Marion Rae February 18, 2024

Endeavour Energy will replace noisy helicopters with stealthy drones for its annual safety checks of over 13,000 kilometres of power lines in bushfire-prone areas.

“The upcoming bushfire season is especially concerning because the current summer’s rains and high temperatures have supercharged forest undergrowth,” according to Steve Lette, head of digital at Endeavour.

Previously, helicopters were the go-to choice for the NSW power distribution network that operates in Sydney’s western outskirts, the Blue Mountains, Southern Highlands, Illawarra and South Coast.

But Mr Lette said helicopters caused problems because of their noise level, particularly for customers with livestock.

“The introduction of drones equipped with high-resolution cameras and advanced sensors aims to mitigate these issues,” he said.
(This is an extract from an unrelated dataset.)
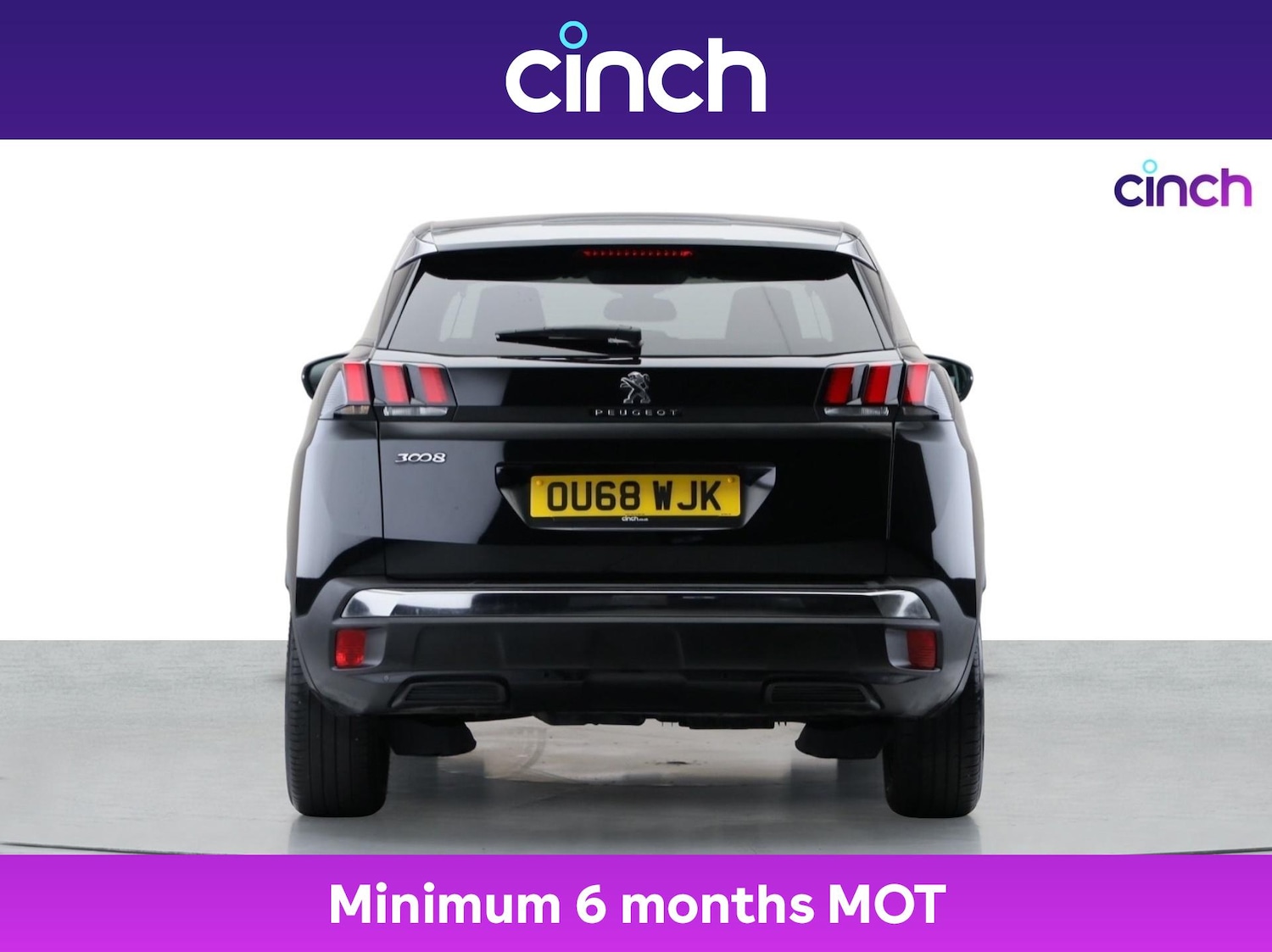 Used Peugeot 3008 2018 for sale - 76469022: Photo 5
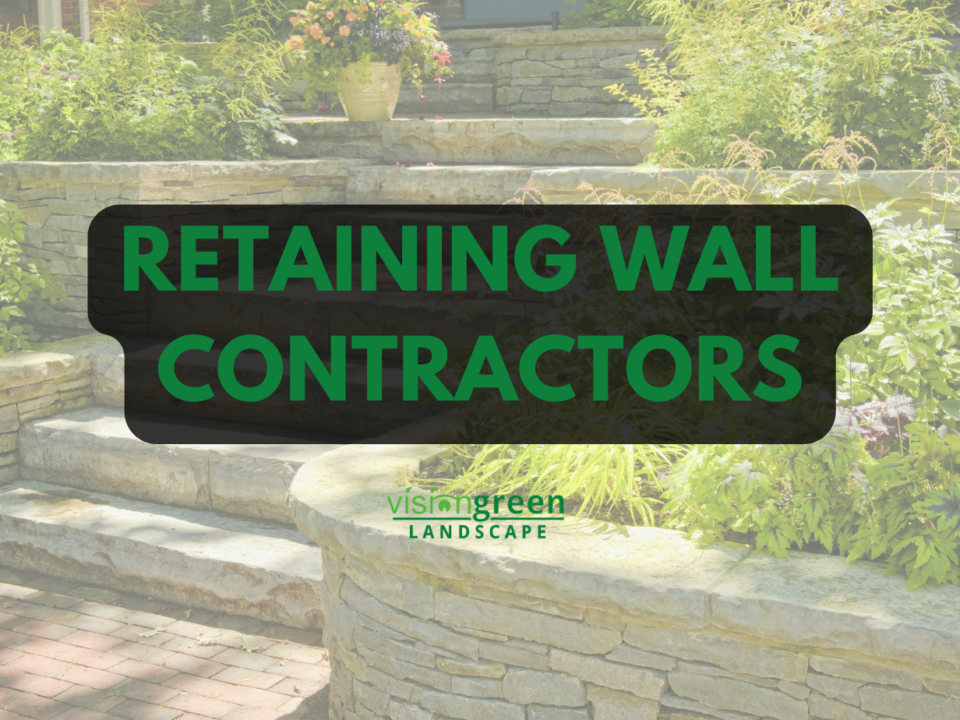 retaining wall services in charlotte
Under the control of a licensed operator, the gadgets work more quietly, follow pre-programmed flight paths and are designed to fly directly above powerlines which minimises the need to cross residential areas or farmland.

“They capture precise images of electrical assets, even in hard-to-reach locations,” Mr Lette said.

More than 2.4 million people rely on the poles and wires, and don’t want a repeat of devastating 2019/20 bushfires that choked the region and cut essential services.

Two of the worst affected coastal towns were the first to be equipped with a “community microgrid” to make them more independent during power outages.

Endeavour said around 100 homes in Bawley Point and Kioloa were fitted with subsidised solar panels or batteries in 2023 to help create the first microgrid of its kind in NSW.

To keep residents informed of drone flights, customers will receive SMS notifications in advance of an inspection near their property.